JAKARTA - Pagu Indikatif Direktorat Jenderal Mineral dan Batubara (Ditjen Minerba) Kementerian Energi dan Sumber Daya Mineral (ESDM) Tahun Anggaran (TA) 2022 naik Rp31 miliar menjadi Rp478, 56 miliar dibandingkan TA 2021 yang sebesar Rp447, 24 miliar. Meski demikian, ada catatan tersendiri dari anggota Komisi VII DPR RI, Mercy Chriesty Barends terkait anggaran Ditjen Minerba.
“Terkait pemblokiran anggaran sarana dan prasarana inspektorat tambang IT sebesar Rp15 miliar, mohon kejelasan secara lebih rinci, kenapa diblokir, ” ujar Mercy dalam Rapat Dengar Pendapat Komisi VII DPR RI dengan Dirjen Minerba beserta jajarannya, di ruang rapat Komisi VII DPR RI, Senayan, Jakarta, Senin (7/6/2021).
Mercy mempertanyakan alasan dari Kemenkeu atau Bappenas, karena berdasarkan undang-undang Minerba yang terbaru dan baru saja disahkan, hal tersebut sudah clear. “Kewenangan untuk urusan yang berkaitan dengan pemerintah pusat dalam hal ini C.Q Kementerian ESDM salah satu poinnya yaitu pengelolaan inspektur tambang dan pejabat pengawas pertambangan. Artinya ini sudah jalan cukup lama dengan, meng-hired mereka dan juga membantu mereka, ” sambungnya.
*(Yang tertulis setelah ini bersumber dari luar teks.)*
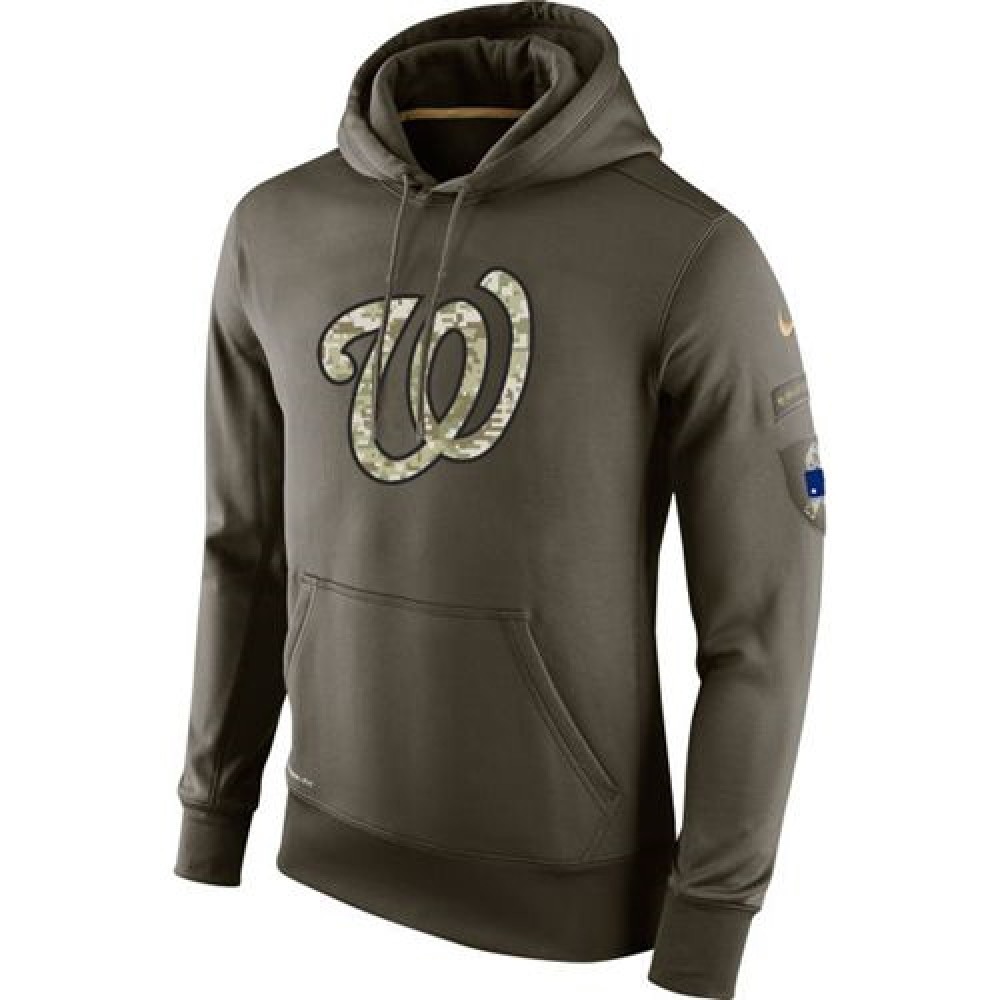 Men's Washington Nationals Olive Salute To Service KO Performance Hoodie 1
Politisi Fraksi PDI Perjuangan ini menerangkan, biasanya wilayah-wilayah pertambangan bukanlah di daerah perkotaan, tapi rata-rata di daerah-daerah yang cukup sulit dijangkau. Dan hampir setiap tahun, Komisi VII melakukan pertemuan di daerah untuk mengevaluasi dan pengawasan pertambangan dan mineral. “Banyak sekali catatan dari para pengawas pertambangan, seperti yang meminta perhatian serius dari kami di Komisi VII DPR RI tentang penambahan kesejahteraan mereka yang berada di wilayah yang sulit (3T), ” urai Mercy.
Tidak hanya itu, para pengelola dan pengawas pertambangan itu juga meminta penambahan sarana dan prasarana di daerah terdepan, terpencil dan terluar (3T). Jika anggaran tersebut juga dihapus, Mercy mempertanyakan fungsinya sebagai anggota Komisi VII DPR RI yang ikut membahas anggaran Kementerian ESDM. Sementara di luar sana penambangan liar terus meningkat.
Menurutnya di saat itulah seharusnya negara hadir di daerah-daerah 3T untuk memperjuangkan peningkatan masyarakat sekitar, termasuk kesejahteraan pada pengelola dan pengawas pertambangan. “Ini menjadi tidak logic dan tidak rasional, kenapa diblokir? Mungkin salah satu rekomendasi yang diblokir ini dikembalikan lagi sehingga bisa memperkuat Kementerian ESDM untuk pengawasan pertambangan di daerah-daerah 3T, ” tegasnya. (ayu/es)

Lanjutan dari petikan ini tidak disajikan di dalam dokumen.